Sea surface network optimization for tsunami forecasting in the near field: Application to the 2015 Illapel earthquake

2020, Navarrete, P., Cienfuegos, Rodrigo, Satake, K., Wang, Y., Urrutia, A., Benavente-Bravo, Roberto, CatalĂ¡n, P. A., Crempien, J., Mulia, I.

We propose a method for defining the optimal locations of a network of tsunameters in view of near real-time tsunami forecasting using sea surface data assimilation in the near and middle fields, just outside of the source region. The method requires first the application of the empirical orthogonal function analysis to identify the potential initial locations, followed by an optimization heuristic that minimizes a cost-benefit function to narrow down the number of stations.

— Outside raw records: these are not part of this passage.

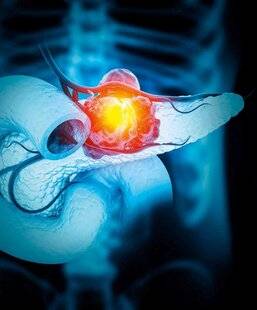 Top Santé 427 Un espoir de guérison dans le cancer du pancréas : des chercheurs sont parvenus à éliminer la tumeur chez des souris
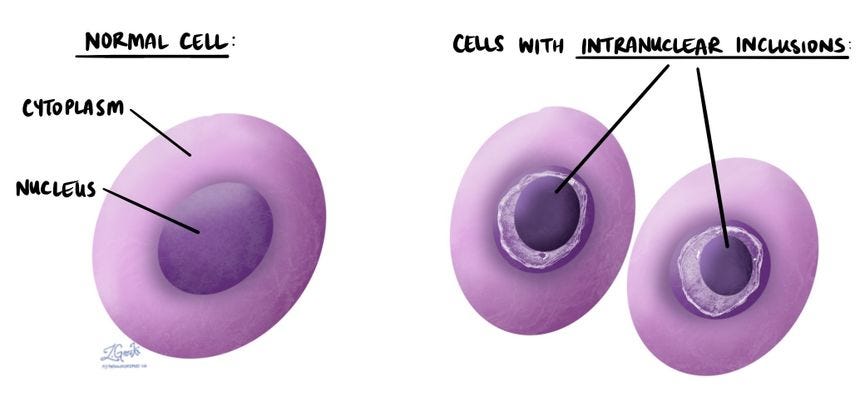 Intranuclear inclusions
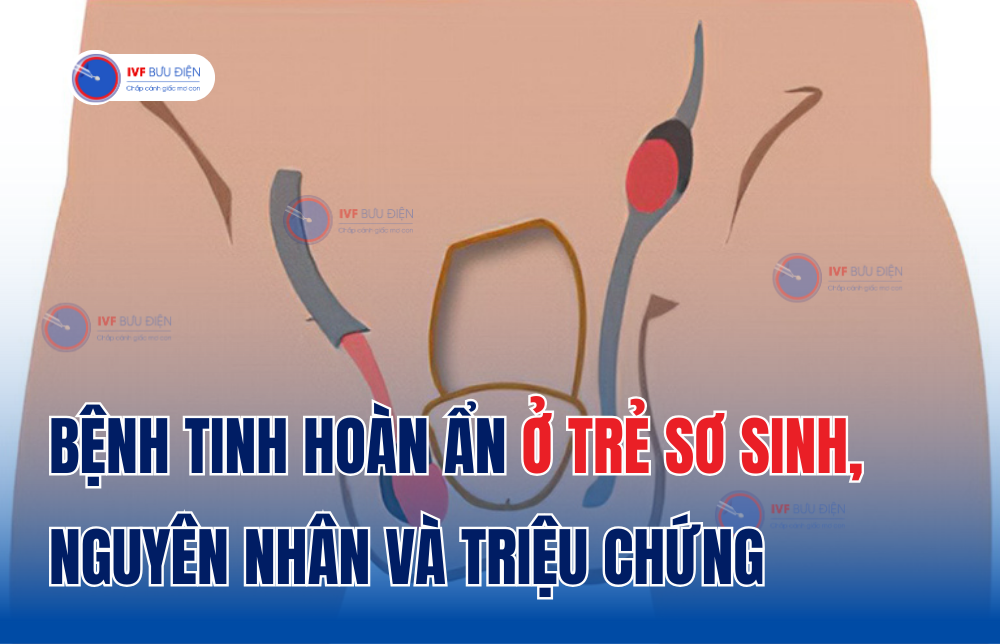 Bệnh tinh hoàn ẩn ở trẻ sơ sinh, nguyên nhân và triệu chứng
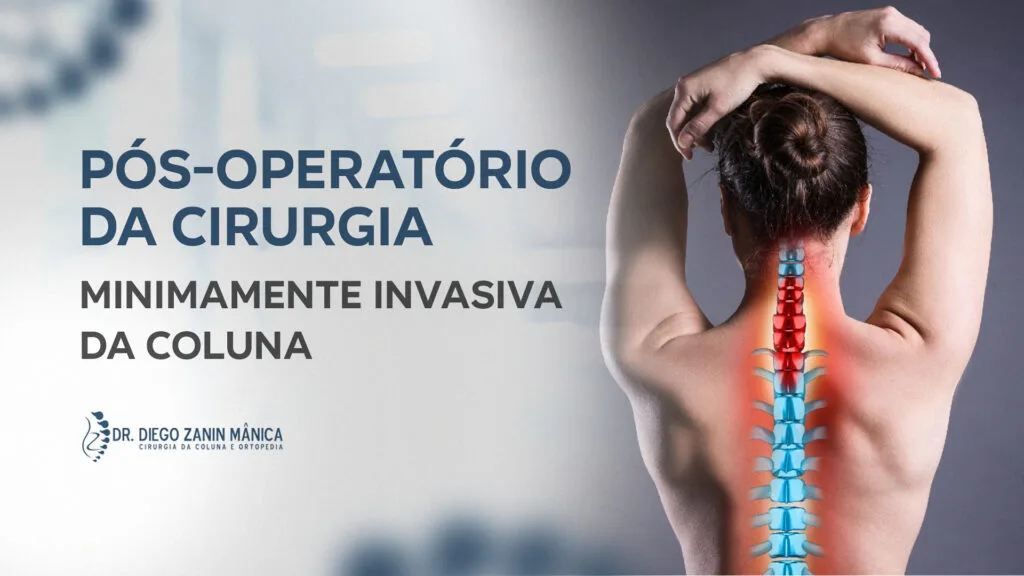 Pós-operatório da cirurgia minimamente invasiva da coluna
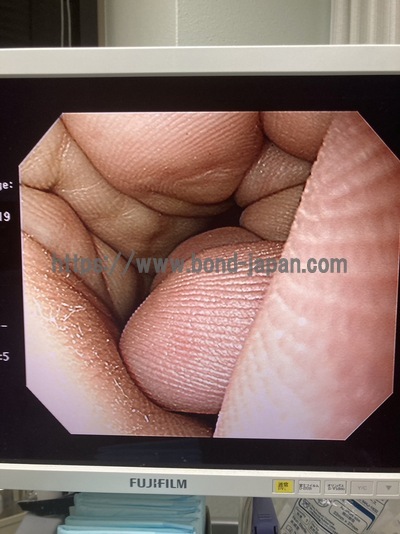 Video Gastroscope&nbsp;|&nbsp;OLYMPUS&nbsp;|&nbsp;GIF-H290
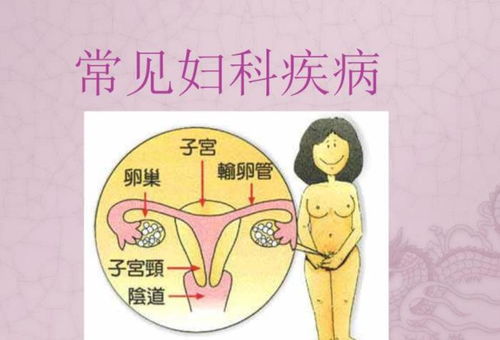 女人有妇科病,嘴巴可能发生4种变化,不妨对照自查一下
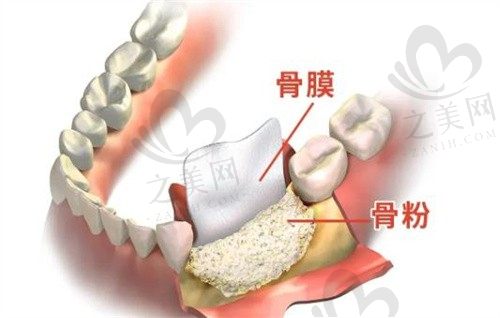 骨粉骨膜是什么?种植一颗牙还需要什么其他费用?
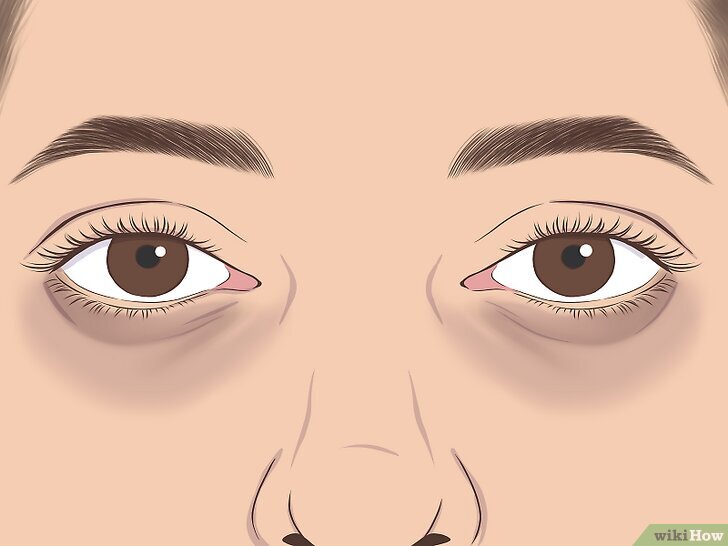 Types-of-Dark-Circles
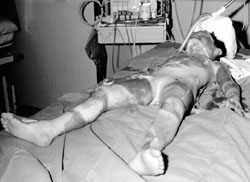 Fig. 1Patient with burns on the 60% TSBA.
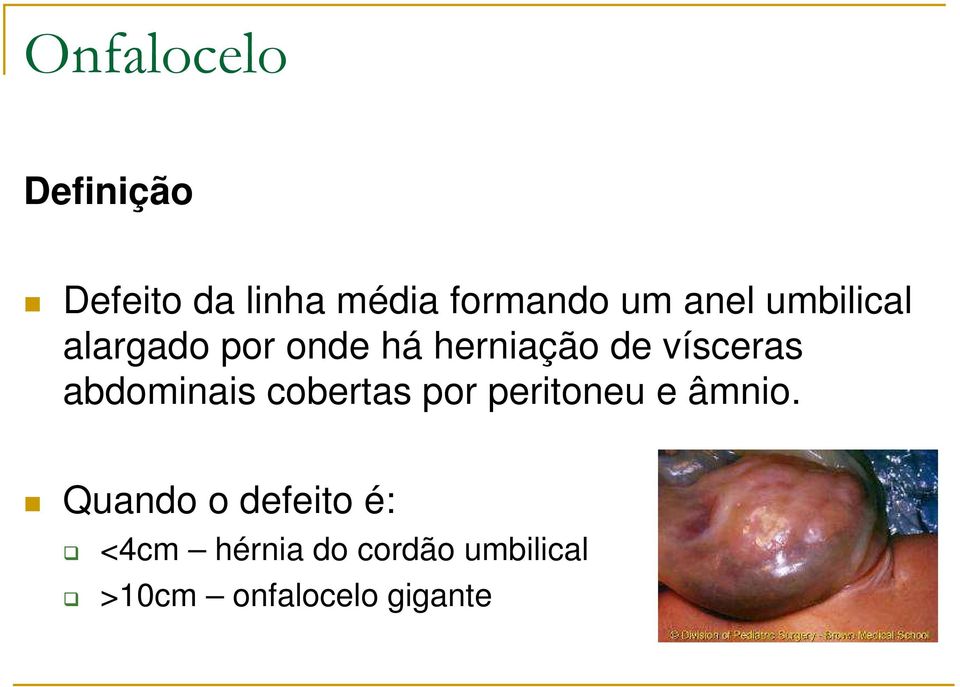 abdominais cobertas por peritoneu e âmnio.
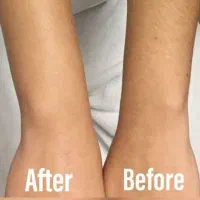 لیزر خانگی موهای زائد صورت و بدن/تخفیف بلک فرایدی|آرایشی، بهداشتی، درمانی|قم, زنبیل آباد|دیوار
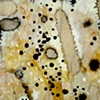 Antinuclear Antibodies (Detail 2)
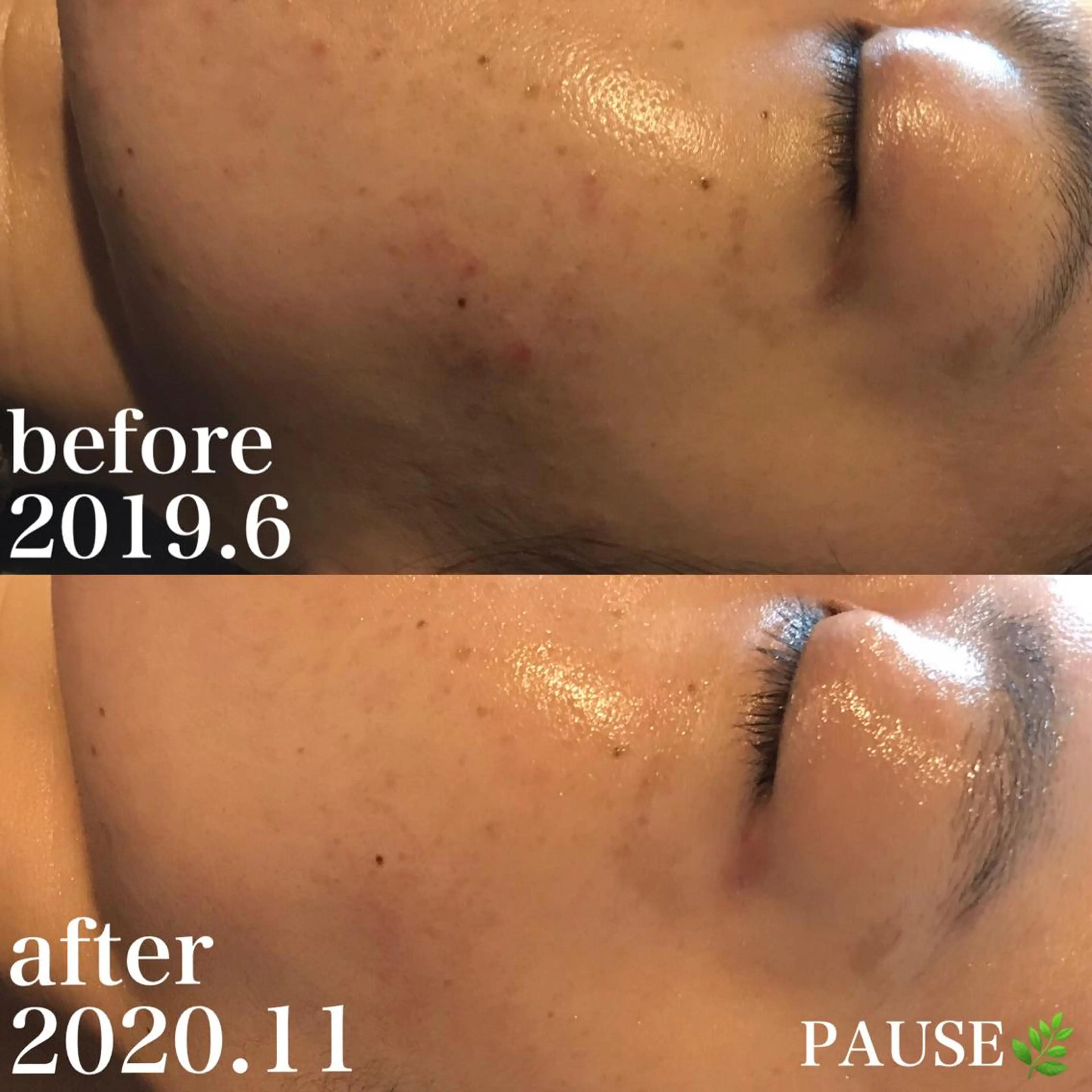 エステ 浜野 恵美のエステ・リラクイメージ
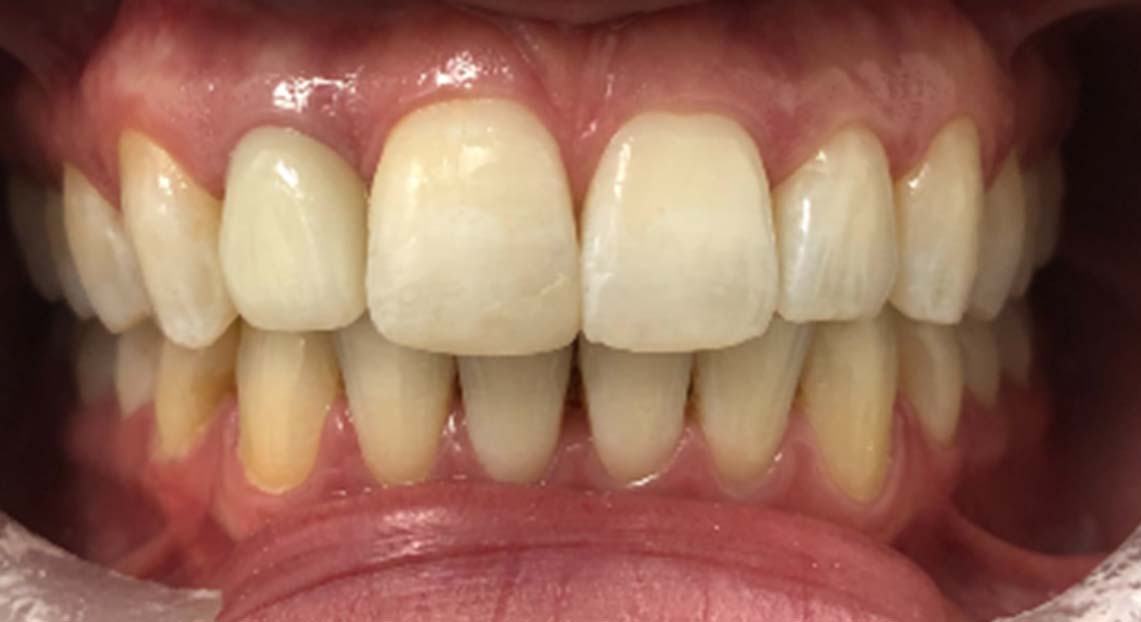 After - Londent Dental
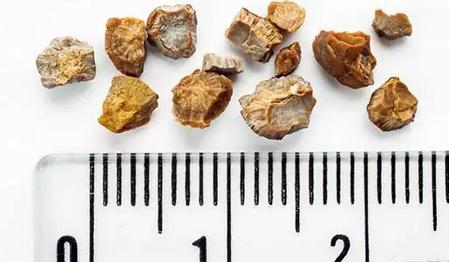 腰疼是因为肾结石着凉后就疼,腰疼和肾结石有关系吗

We apply the method to a synthetic case of the 2015 Mw8.4 Illapel Chile earthquake and show that it is possible to obtain an accurate tsunami forecast for wave heights at near coastal points, not too close to the source, from assimilating data from three tsunameters during 14 min, but with a minimum average time lag of nearly 5 min between simulated and forecasted waveforms. Additional tests show that the time lag is reduced for tsunami sources that are located just outside of the area covered by the tsunameter network. The latter suggests that sea surface data assimilation from a sparse network of stations could be a strong complement for the fastest tsunami early warning systems based on pre-modelled seismic scenarios.